Task inputs »

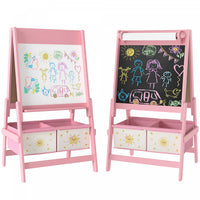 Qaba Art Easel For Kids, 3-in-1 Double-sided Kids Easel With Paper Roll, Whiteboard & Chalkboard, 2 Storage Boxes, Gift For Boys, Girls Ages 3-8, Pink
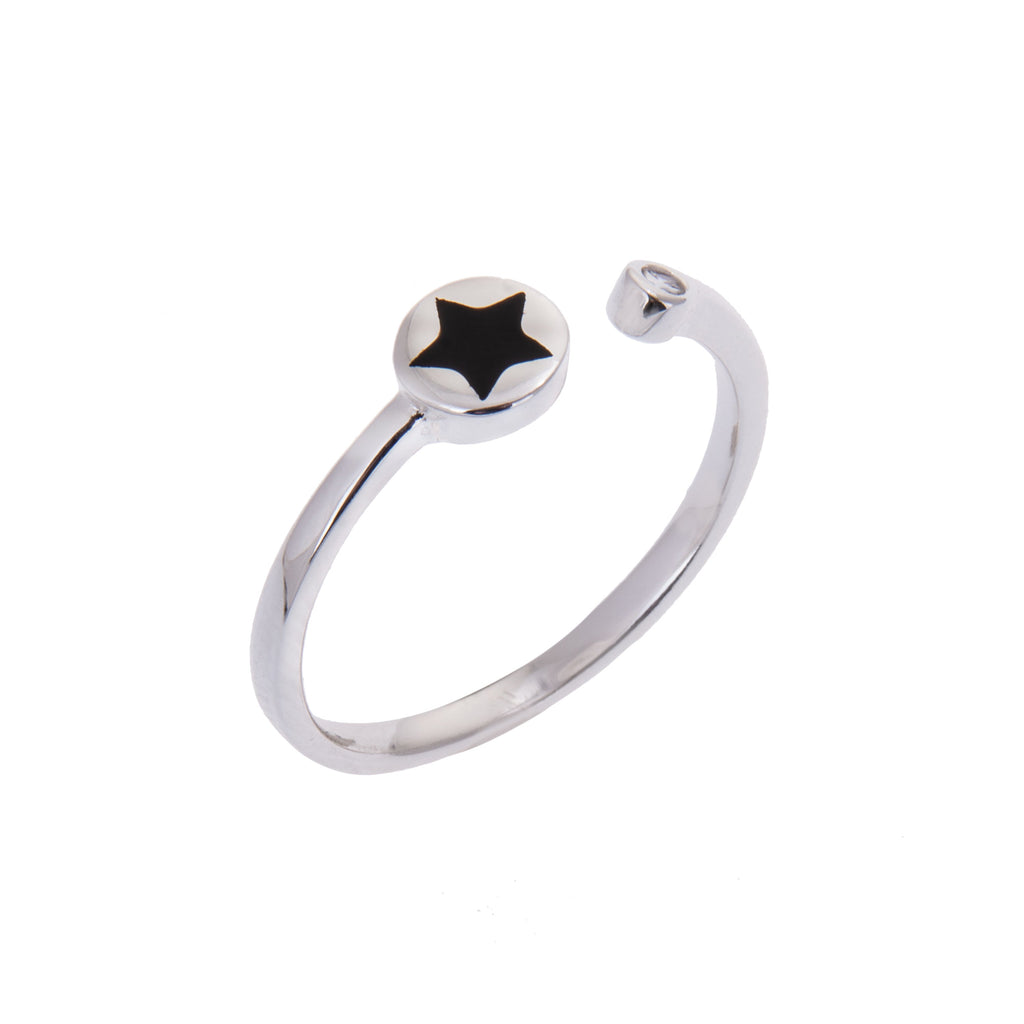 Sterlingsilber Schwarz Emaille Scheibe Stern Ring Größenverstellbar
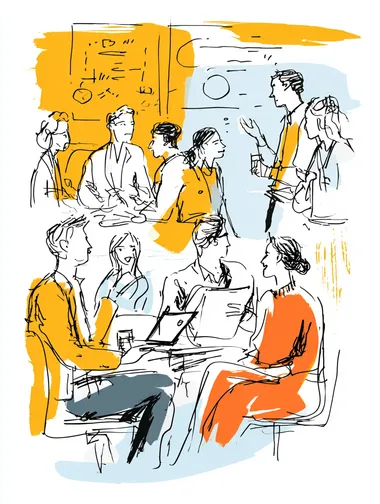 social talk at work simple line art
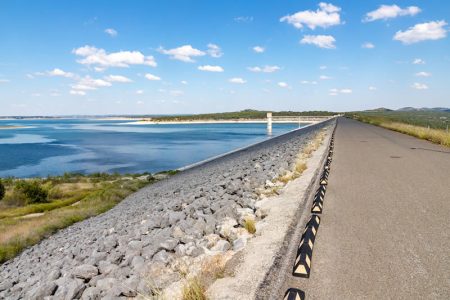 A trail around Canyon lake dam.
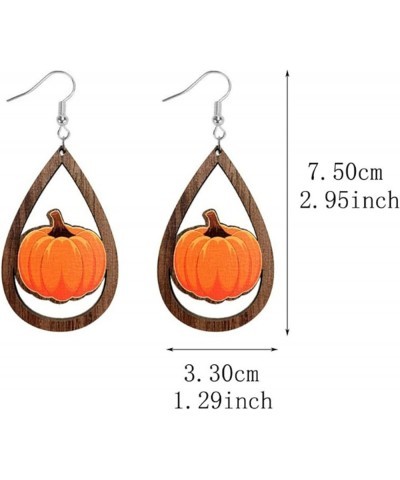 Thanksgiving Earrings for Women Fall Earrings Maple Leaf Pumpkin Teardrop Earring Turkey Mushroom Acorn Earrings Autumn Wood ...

Problem details »
Output the listing above exactly as it stands; no picture should appear.

Solution »
 Qaba Art Easel For Kids, 3-in-1 Double-sided Kids Easel With Paper Roll, Whiteboard & Chalkboard, 2 Storage Boxes, Gift For Boys, Girls Ages 3-8, Pink
 Sterlingsilber Schwarz Emaille Scheibe Stern Ring Größenverstellbar
 social talk at work simple line art
 A trail around Canyon lake dam.
 Thanksgiving Earrings for Women Fall Earrings Maple Leaf Pumpkin Teardrop Earring Turkey Mushroom Acorn Earrings Autumn Wood ...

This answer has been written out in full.